## Task objective
All of the data below is to be repeated exactly, except for the pictures.

## Supplied information
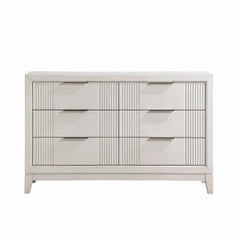 Florence Antique White Dresser - Ornate Home
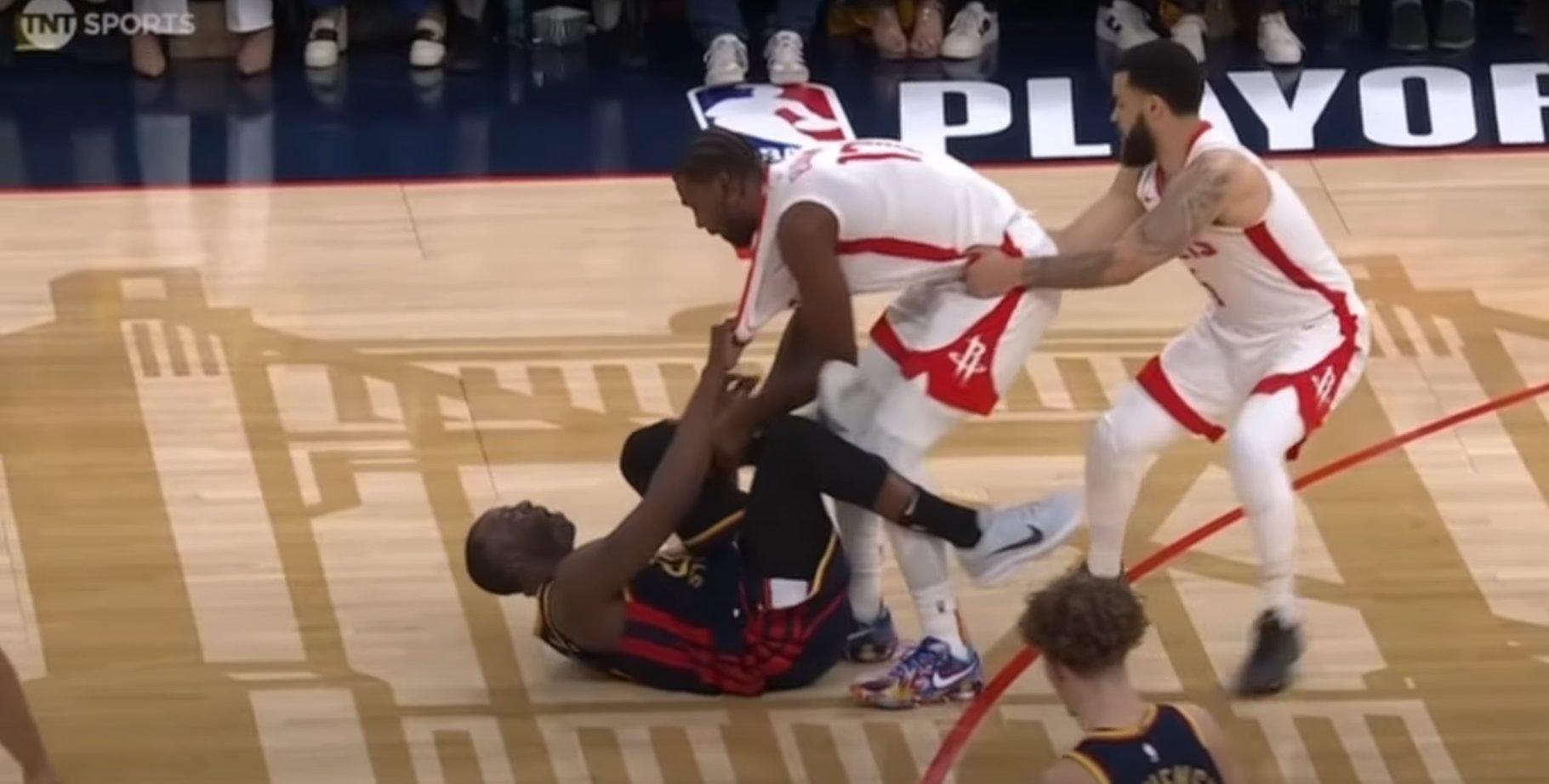 Trashtalk Award - Draymond Green Tari Eason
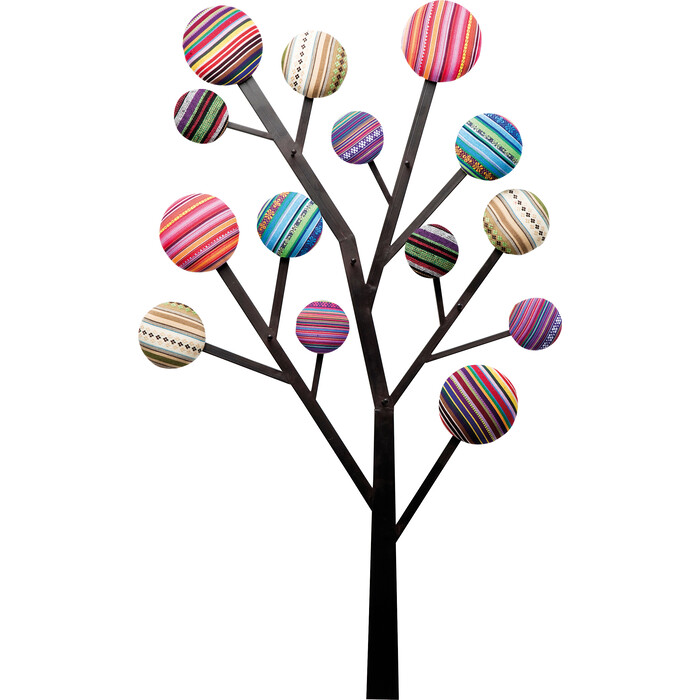 [77759] Garderobe murale Bubble Tree 111cm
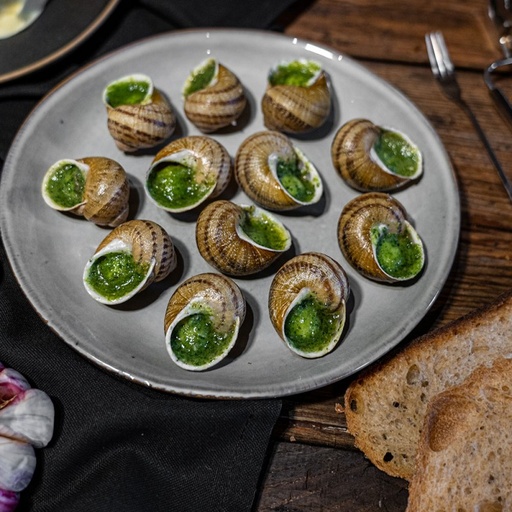 [2589631479845] SNAILS STUFFED GARLIC BUTTER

## Task answer
 Florence Antique White Dresser - Ornate Home
 Trashtalk Award - Draymond Green Tari Eason
 [77759] Garderobe murale Bubble Tree 111cm
 [2589631479845] SNAILS STUFFED GARLIC BUTTER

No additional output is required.